The president´s spokesman initially said Fox would sign it. He sent it back a day later after an uproar in the United States and criticism from the Roman Catholic Church over the drug possession details.

While increasing penalties for large amounts of drugs, the bill would decriminalize possession of up to 25 milligrams of heroin, 5 grams of marijuana (about four joints) or 0.5 grams of cocaine - the equivalent of about four lines.

The leading presidential candidates, leftist Andrés Manuel López Obrador and conservative Felipe Calderón, haven´t taken positions on the bill. But García and other members of López Obrador´s Democratic Revolution Party are among the most outspoken supporters, while Roman Catholics, part of Calderón´s base, are generally against it.

"Mexico, I fear, could become even more violent," said Cardinal Norberto Rivera, the Archbishop of Mexico City.

GROWING LOCAL MARKET

For decades, Mexico was just a pipeline for narcotics going north. That began changing in the 1990s, when increased U.S. border security led to smugglers dumping drugs on Mexico´s streets, creating a burgeoning local market.

Only 5 percent of Mexicans say they have gotten high once in their life, compared to 40 percent of U.S. citizens. However, these numbers hide the gravity of the growing problem of hard drug use among Mexico´s urban youth, nearly 1 million of whom have used crack, heroin or methamphetamines.

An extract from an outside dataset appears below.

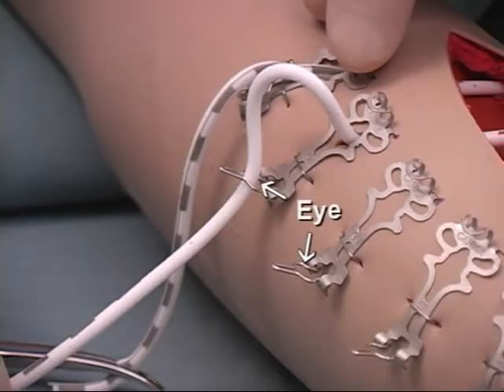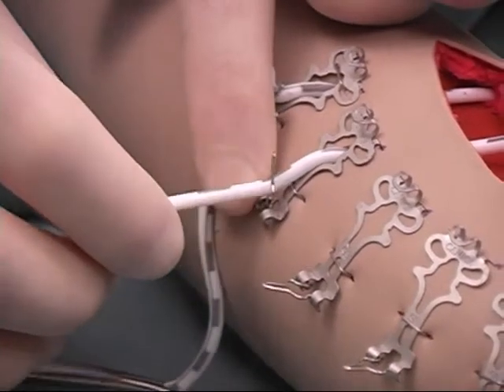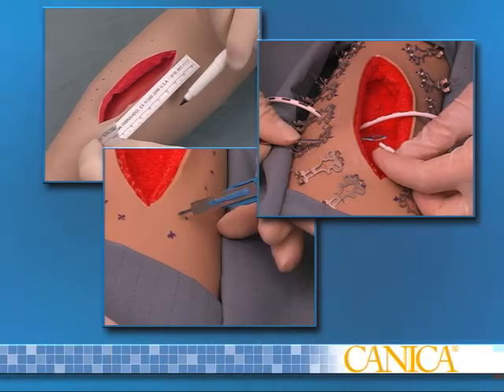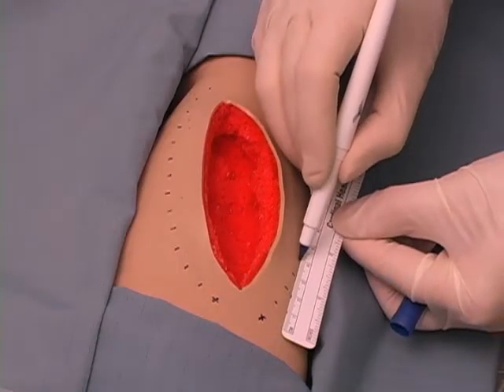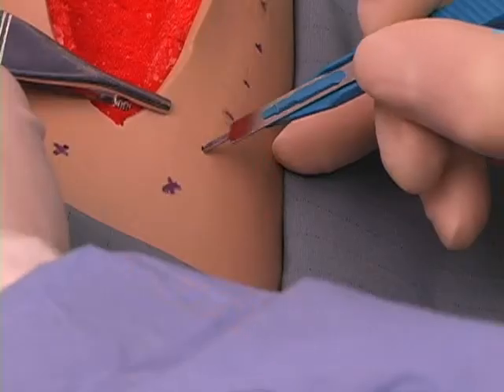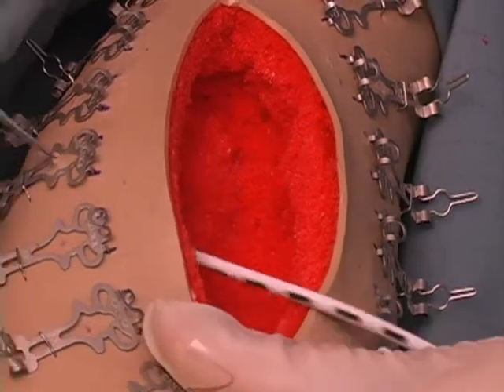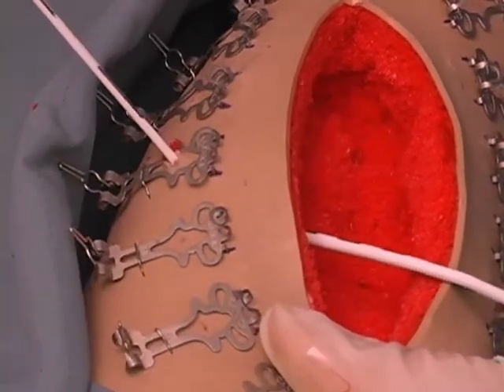The wire cleat has an eye that allows the elastomer to be captured at any point and released for wound management or to adjust tension. The set also includes installation aids, a ruler and skin marker for establishing the proper layout, a lancet for creating skin holes, and a loop cannulator to install the elastomers through the skin.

Crack, made by cooking cocaine, has caught on most rapidly as a high for the urban poor, selling for as little as US$2 a hit in thousands of so-called "tienditas," or little drug shops, that have sprung up in cities across the country.

"Crack is the No. 1 problem we have in our centers," said Víctor Guisa, head of the government´s 96 drug rehabilitation clinics. "Addicts end up smoking vast quantities of rocks, making them strung out and prone to violence and schizophrenia."

Gang violence surrounding drug consumption now mixes with bloodshed unleashed by the big smuggling cartels, adding up to more than 1,500 drug-related killings last year, with violence plaguing border towns like Nuevo Laredo as well as big cities.

"All these crimes we are seeing, all these executions have more to do with street dealing than with the big narcotics trafficking," said Attorney General Daniel Cabeza de Vaca.

The former crack addicts in Tepito´s Narcotics Anonymous group think the solution to the bloodshed is rehabilitation for addicts and investment in poor communities.

"Everyday, the list gets longer," Jiménez said, laying his palm on a mural showing the faces and names of dozens of young men shot dead in drug disputes. "This violence is exterminating our people."